Databricks-first way to do row-level security PowerBI


1) Security mapping table (who can see what)

-- Use your real catalog/schema names
CREATE SCHEMA IF NOT EXISTS prod_catalog.security;

CREATE TABLE IF NOT EXISTS prod_catalog.security.user_security_gl (
  user_email STRING COMMENT 'AAD/Okta sign-in email shown to Databricks',
  co         STRING COMMENT 'Company code the user may see (use * for all)',
  -- add more dims if needed, e.g. state STRING, product STRING
  inserted_at TIMESTAMP DEFAULT current_timestamp()
)
COMMENT 'Row-access map for gl_summary';

Example rows (replace with yours):

INSERT INTO prod_catalog.security.user_security_gl (user_email, co) VALUES
  ('alice@yourorg.com','00001'),
  ('alice@yourorg.com','00002'),
  ('bob@yourorg.com','00003'),
  ('admin@yourorg.com','*');  -- * means “see everything”
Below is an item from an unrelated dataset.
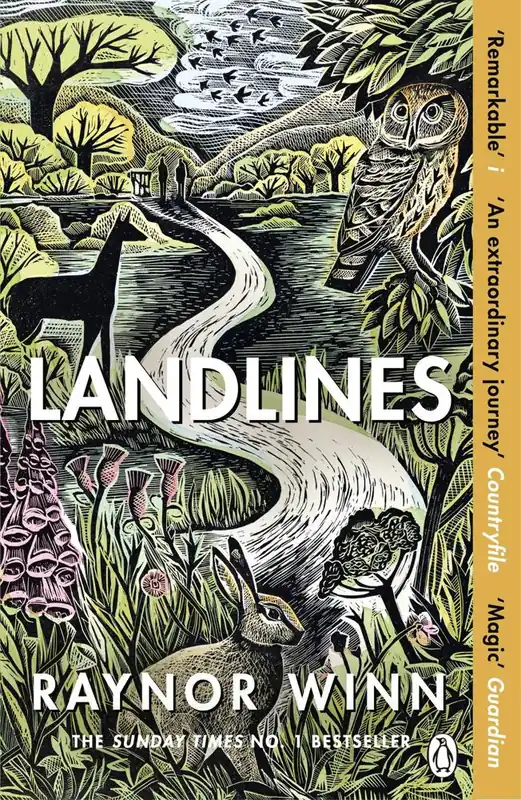 Betaalbaar Landlines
2) Dynamic RLS view using the current user’s email

-- Base table example: prod_catalog.eim_gl_finance_reporting_db.gl_summary
-- Filter joins on CO; extend to more columns if needed.
CREATE OR REPLACE VIEW prod_catalog.eim_gl_finance_reporting_db.vw_gl_summary_rls AS
SELECT m.*
FROM xxxxxx.tbl_summary m
WHERE EXISTS (
  SELECT 1
  FROM security.user_security u
  WHERE lower(u.user_email) = lower(current_user())  -- the signed-in user
    AND (u.co = m.co OR u.co = '*')
);

Notes:

  • current_user() returns the principal seen by Databricks (typically the AAD email/UPN).

  • EXISTS avoids duplicate rows even if a user has multiple allowed values.
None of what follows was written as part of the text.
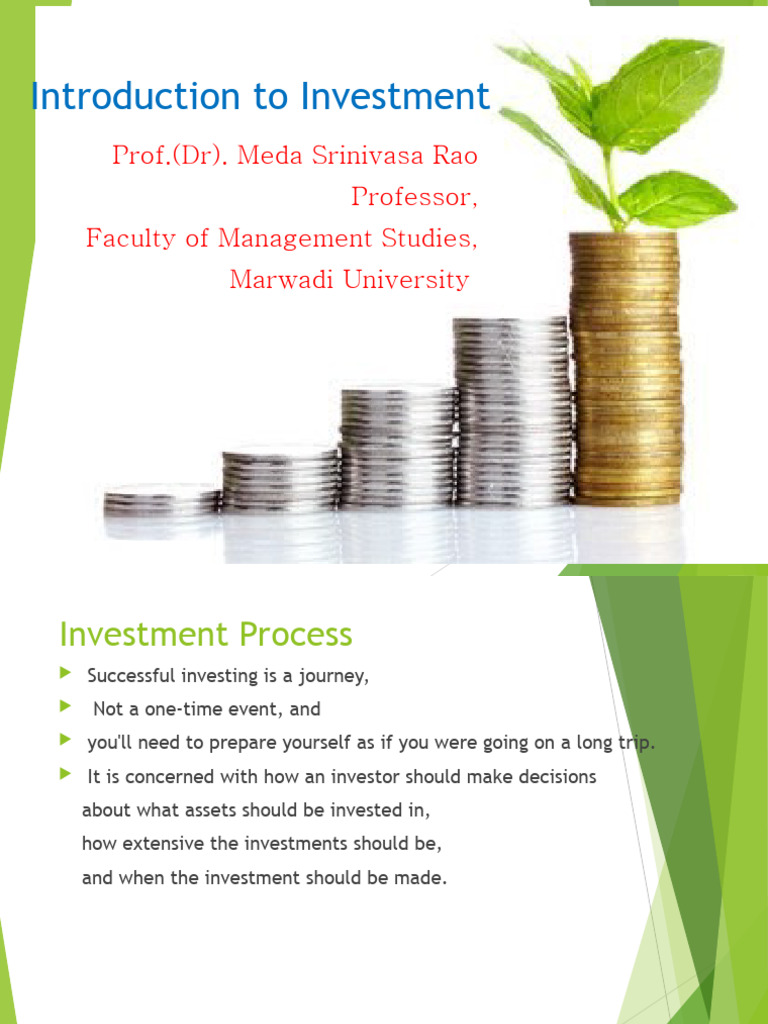 Investment Process PDF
3) Lock down privileges: expose only the view

-- Make sure consumers can’t query the base table directly.
REVOKE SELECT ON TABLE prod_catalog.eim_gl_finance_reporting_db.gl_summary FROM `users`;

-- Grant access to the secure view (replace group with yours, e.g. power_bi_readers)
GRANT USAGE ON CATALOG prod_catalog TO `power_bi_readers`;
GRANT USAGE ON SCHEMA prod_catalog.eim_gl_finance_reporting_db TO `power_bi_readers`;
GRANT SELECT ON VIEW prod_catalog.eim_gl_finance_reporting_db.vw_summary_rls TO `power_bi_readers`;

Quick checks (optional):

-- Who am I (as Databricks sees me)?
SELECT current_user();

-- What rows should I be allowed?
SELECT * FROM security.user_security
WHERE lower(user_email)=lower(current_user());

4) Power BI wiring (so it auto-filters)

  1. In Power BI Desktop: Get Data ➜ Databricks connector.

  2. Authentication: Sign in with your Microsoft/Azure AD account (OAuth).
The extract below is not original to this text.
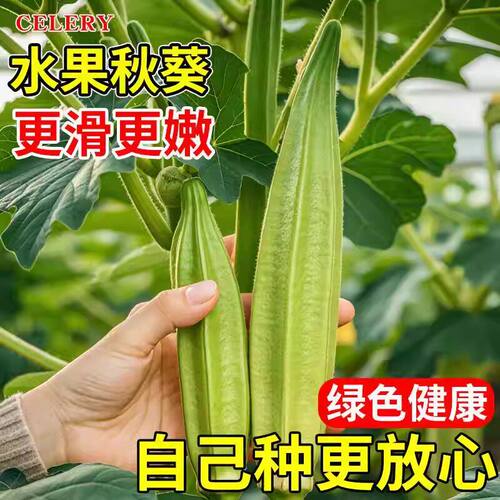 水果秋葵苗耐旱大苗带土菜苗红绿秋葵蔬菜种苗黄秋葵种子籽幼苗秧 - 图2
  3. Storage mode: choose DirectQuery (required for server-side RLS to apply at query time).

  4. Select xxxxx.vw_tbl_summary (use the view, not the base table).

  5. Publish to Power BI Service. In the dataset Settings → Data source credentials, ensure OAuth2 and enable “Use SSO via Azure AD for DirectQuery queries.”

  6. Share the report—viewers will only see rows allowed by their email mapping.

5) Variations you may need

  • Multiple dimensions: add columns (e.g., state, product) to user_security_gl and extend the EXISTS predicate with more OR checks (or add multiple EXISTS for clarity).

  • All access: keep the '*' wildcard (or manage an is_admin flag).

  • Performance: if the base table is large and co is your primary filter, consider clustering/z-ordering on co.

This setup keeps RLS entirely in Databricks. As long as Power BI uses AAD SSO + DirectQuery and points to the view, filtering happens automatically per user email.